I’ve been fighting with WD Black (SATA 1.0 TB) for several days. When I booted the computer, just as the desktop appeared, there was a message that flashed on the screen. I was too fast to read, but the desktop loaded. Now one of the drives (my I drive) doesn’t show up on the desltop. It shows up in bios, it shows during the boot sequence, and it shows in device manager and doesn’t show a problem. It does not show up on the desltop I have tried swapping cables, replacing cables, booting in safe a regular mode and nothing seems to help. It has gotten a bit worse, cause not the computer, when loading, got to the point where it says “Windows is starting up”, then hangs there. Disconnect the drive and it loads fine. Installed a new WD Blue and it works fine, but I would like to get the Black unit going long enough to salvage some information. Useful stuff, but nothing really drastic.

My set up, and no funny comments please: Win XP Pro running with an AMD 4 core chip, 8 gig ram. 4 physical hard drives and 2 dvd burners. Mother board has 6 sata connectors, so no doubling up. System has been rock solid for several years. I need XP to avoid replacing over 1K worth of software.

Lynn

Looks like you have a dead hard disk.
In majority there is nothing sane that can be done.
For immediate results seek help from a professional salvaging service.

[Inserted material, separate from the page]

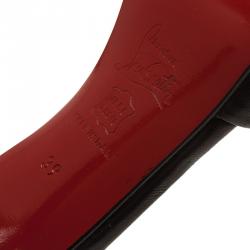 Pre Owned Christian Louboutin Black Leather Armadillo D'orsay Pumps Size 39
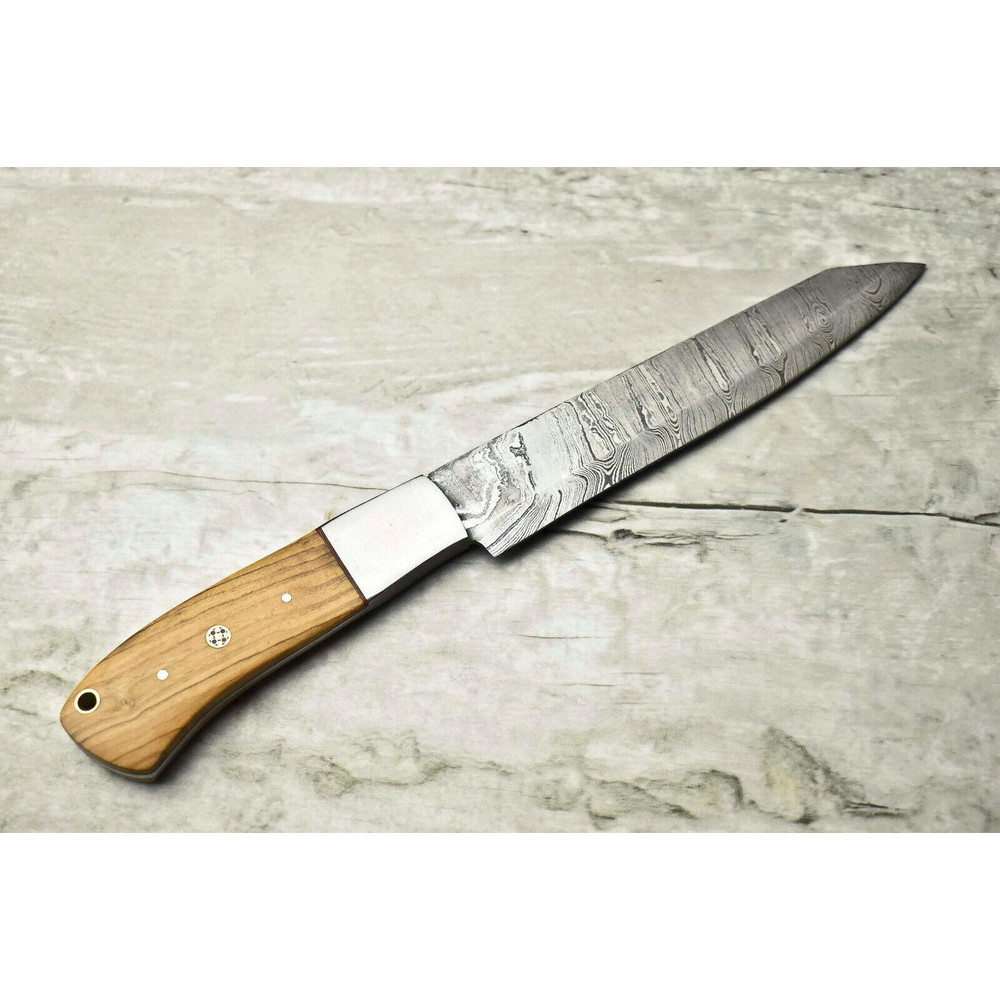 10 Damascus Steel Kitchen Chef Knife  Full Tang Handmade Cooking Knife 3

KiloGram, Update on my drive problem, When I installed the new WD Blue, I actually had the same problem as the drive not showing up and being available. Someone on the Win bbs board gave me a link to possible problems. The easiest one seemed to go to Administrator, then tools, then disk management. Find the drive marked as un-assigned or with no number or letter. Click on that drive and find the place to assign it a letter. Worked great and the drive is recognized.

I tried the same thing with the old drive and it didn’t work, so I was ready to junk it. On a lark, I figured I’d try it in my Win 10 computer. Slightly different results. Administrative tools, computer management, storage, disk management. I found a disk marked off line and foreign…Research told me the if a drive from XP is put into a Win 10 machine, it is foreign. The is a drop down there to “import” the foreign and make it native, and now you can assign a letter or number. I did all of this and found all my files on the drive. I put the drive back in my XP machine and nothing. Went into disk management and found a “foreign” drive. I “imported” the drive and give it the letter “I”. I had to reboot to make the change official, and when it booted, I got an error message, then it ran scan disk, and found bad sectors. I replace my “G” drive with my new blue drive and copied all the files from the old drive to the new drive. All 490 gigs copied fine, but I had to do them one folder at a time - several of these were over 100 gigs - movie film clips.
In over 30 years of working with computers, I had never run into this. Usually when I install a new drive, it automatically picks the next letter in line.
All is now good. Hope I didn’t confuse you too much. I actually wrote down what I did, so I could remember.

Lynn

Back in circa 600BC, Solon, an Athenian statesman and poet said “I grow old ever learning many things”.